Even if it is passed with a no vote of over 25% a strike is recorded against the firm. A second strike a year later would prompt a board spill.

Bell Rock chief investment officer Mike O’Mara criticised Whitehaven for removing Total Shareholder Returns from its package of criteria for at-risk performance pay for MD Paul Flynn and other key executives.

Starting from last year’s annual report Whitehaven removed TSR from its at-risk incentive deliberations, citing ESG pressures on investors which it said created a distortion that meant valuations for coal companies did not reflect their financial metrics, along with the cyclicity of coal markets.

That was in full display last year as prices ran as high as US$450/t for the thermal coal peddled largely to Japan, Korea and Taiwan by WHC, which generated a record $2.7 billion in NPAT and returned $1.6b of capital to investors through dividends and buybacks.

According to its annual report, WHC delivered 52% TSR for FY23, ranked ninth in the ASX 100. In FY22 its 154% TSR ratio was ranked 1st in the ASX 100, WHC says.

But Bell Rock is concerned that lucrative income stream could run dry if Whitehaven pursues a rumoured US$3.5 billion bid to buy BHP (ASX:BHP) and Mitsubishi’s Daunia and Blackwater met coal mines in Queensland.

 

Buyback paused

Whitehaven already paused its buyback, which returned almost $950 million to shareholders, at its financial results announcement in August.

“Bell Rock fears it is unlikely the buy-back program will return, with future dividends potentially put on the chopping block if WHC proceeds with the BHP acquisition,” O’Mara said.

He says dropping TSR from Whitehaven’s KPIs was “introducing a misalignment between the interests of management and shareholders”.

“Under WHC’s current plan, the Company could destroy the share price, cancel or reduce dividends, stop the share buy-back, and still pay a healthy bonus to management,” he said.

“This structure could reward WHC management in their pursuit of BHP’s Daunia and Blackwater mines, even if it destroys shareholder value in the process.

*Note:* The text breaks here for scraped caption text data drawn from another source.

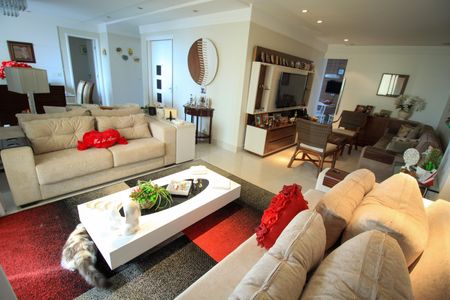 Apartamento à venda com 157m², 3 quartos e 3 vagasSala 2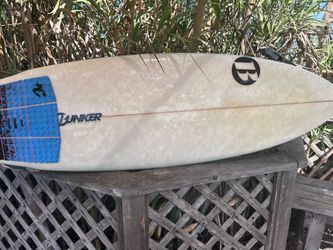 Bunker Surfboard 5’4” Hardly used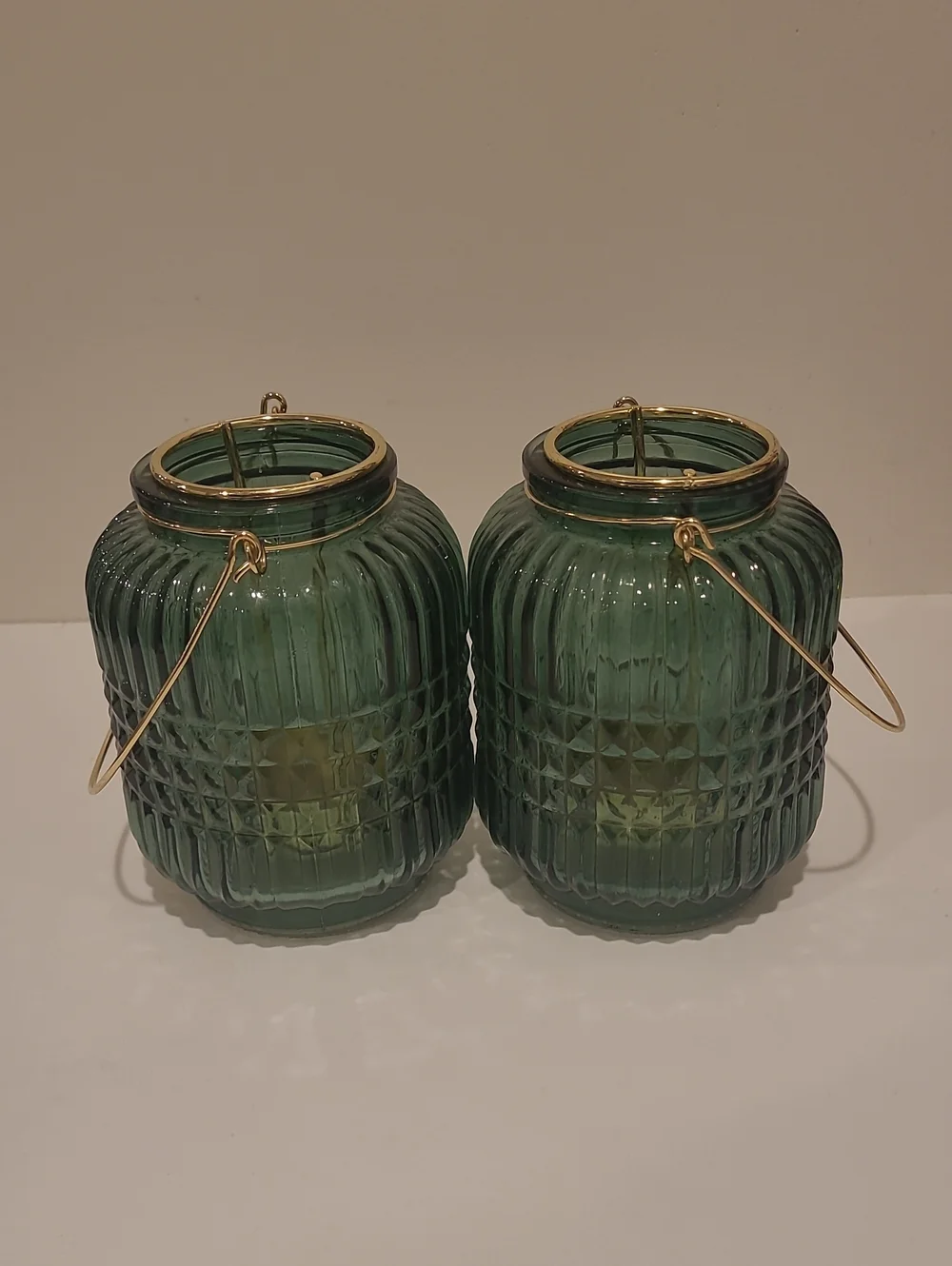 NWOT Green Textured Glass Lantern Pair with Gold Handles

“From 2023, TSR has been removed while the weighting given to run-of-mine production and EBITDA has increased to 20% and 25% respectively.

“WHC’s remuneration scorecard now explicitly ties EBITDA and ROM production to executive remuneration. These measures incentivise management to focus on top line growth, which can be achieved through acquisitions that may be not beneficial to shareholders.”

 

Unmasked?

Bell Rock’s letter to Whitehaven shareholders today appears to have unmasked the mystery faces behind the launch of a website called “Fair Shareholder Returns”, launched last week to prosecute the argument against WHC’s bid for the BHP assets.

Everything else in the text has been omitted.